- [ABOUT THIS EXERCISE] Within the records below is a range that opens at the line with "Bememo 12 Pieces" and closes at the line with "Poster abstract grayscale". Return that range word for word, both ends included, and only that range.

- [SUPPLIED RECORDS]
= Beginning of Section =

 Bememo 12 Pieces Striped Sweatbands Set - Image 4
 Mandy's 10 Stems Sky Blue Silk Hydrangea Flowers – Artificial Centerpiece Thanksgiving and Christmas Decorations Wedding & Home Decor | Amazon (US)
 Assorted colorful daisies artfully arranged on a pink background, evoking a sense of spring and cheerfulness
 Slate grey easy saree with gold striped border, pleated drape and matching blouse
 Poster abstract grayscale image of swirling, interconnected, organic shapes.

= End of Section =
= Beginning of Section =

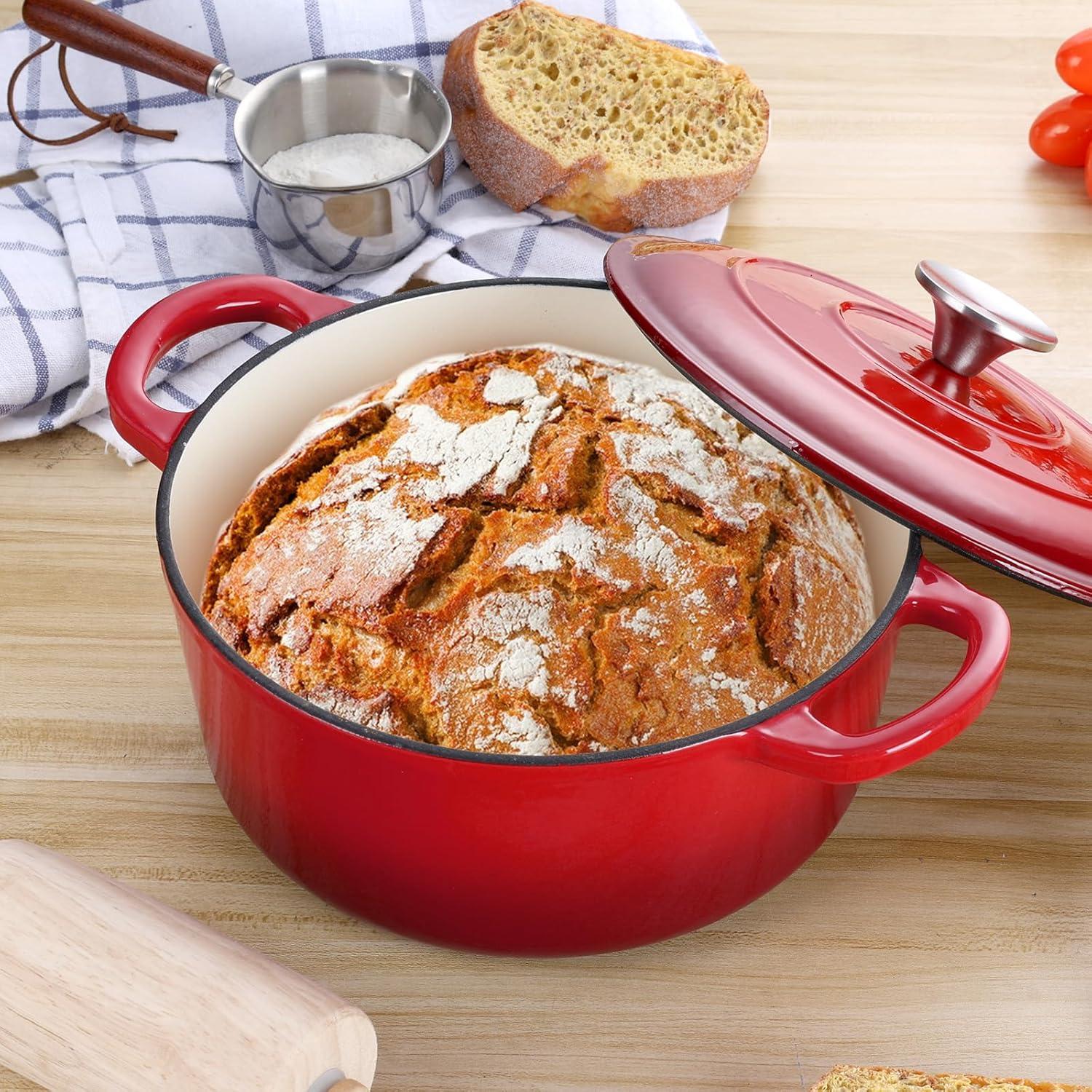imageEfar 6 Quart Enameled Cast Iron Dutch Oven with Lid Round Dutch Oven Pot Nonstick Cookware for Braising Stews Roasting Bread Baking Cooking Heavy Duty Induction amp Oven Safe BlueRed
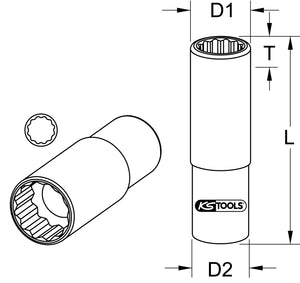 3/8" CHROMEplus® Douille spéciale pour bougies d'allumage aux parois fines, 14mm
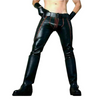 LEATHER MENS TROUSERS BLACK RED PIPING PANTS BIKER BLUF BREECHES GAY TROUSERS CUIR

= End of Section =

- [COMPLETED TASK]
 Bememo 12 Pieces Striped Sweatbands Set - Image 4
 Mandy's 10 Stems Sky Blue Silk Hydrangea Flowers – Artificial Centerpiece Thanksgiving and Christmas Decorations Wedding & Home Decor | Amazon (US)
 Assorted colorful daisies artfully arranged on a pink background, evoking a sense of spring and cheerfulness
 Slate grey easy saree with gold striped border, pleated drape and matching blouse
 Poster abstract grayscale image of swirling, interconnected, organic shapes.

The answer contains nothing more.